Visiting professor’s speech ‘Why Nation’s Jail’ part of larger series of events called ‘Fireside Chat’

Senior Staff Writer
Wednesday, October 18, 2017

Daniel D’Amico, lecturer in economics and and associate director of the Political Theory Project, discussed his research on the incarceration rates among nations in a talk titled “Why Nation’s Jail” Wednesday night. The talk was hosted by the Intercollegiate Finance Journal and was part of a larger event series, “Fireside Chat,” which aims to bring conversations occurring within IFJ to the larger community.

In the talk, D’Amico touched on why some nations have higher incarceration rates than others, through the lens of public choice theory, the use of economics to examine global social and political problems.

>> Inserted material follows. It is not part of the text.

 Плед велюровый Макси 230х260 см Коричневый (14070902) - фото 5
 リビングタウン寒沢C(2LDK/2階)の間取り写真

D’Amico began his talk by laying down background information on the legal origins of how various countries around the globe incarcerate. D’Amico explained the organization and intention of political systems by pointing to a chart with columns of “policy implementing” and “conflict solving” with rows of “hierarchical authority” and “coordinate authority.” He referenced the British legal system as common law, characterized by a decentralized structure.  Meanwhile, the French legal system has civil law, characterized by its codification. D’Amico then explained that the French system has lower numbers of incarceration than the British system, though there is a larger sector of governmental involvement in incarceration within common law countries like Britain.

“Legal systems are big bundles of rules, incentive processes and differences of how they do the law. The outcome they are interested in is economic performance.”

Though D’Amico said “mass incarceration transcends the U.S. experience,” he also stressed that much can be done to alleviate the social problems that come with mass incarnation. Historically, institutional structures matter more when it comes to determining incarceration rates than the organization of criminal justice authorities.
Though D’Amico touched on economic theories that widely implicate the United States’ incarceration rates, he was able to set a conversational tone, as he explained difficult topics and joked about an email from his coauthor who said his data was “robust af.”

Vanessa Zhang ’19, the executive secretary of IFJ, planned the event. “We’ve done this event in the past with students. We’re trying to become a more involving community and involve people outside of IFJ at these events.”

Correction: A previous version of this article stated that Daniel D’Amico is a visiting professor of political science. In fact, he is a lecturer in economics and associate director of the Political Theory Project. The Herald regrets the error.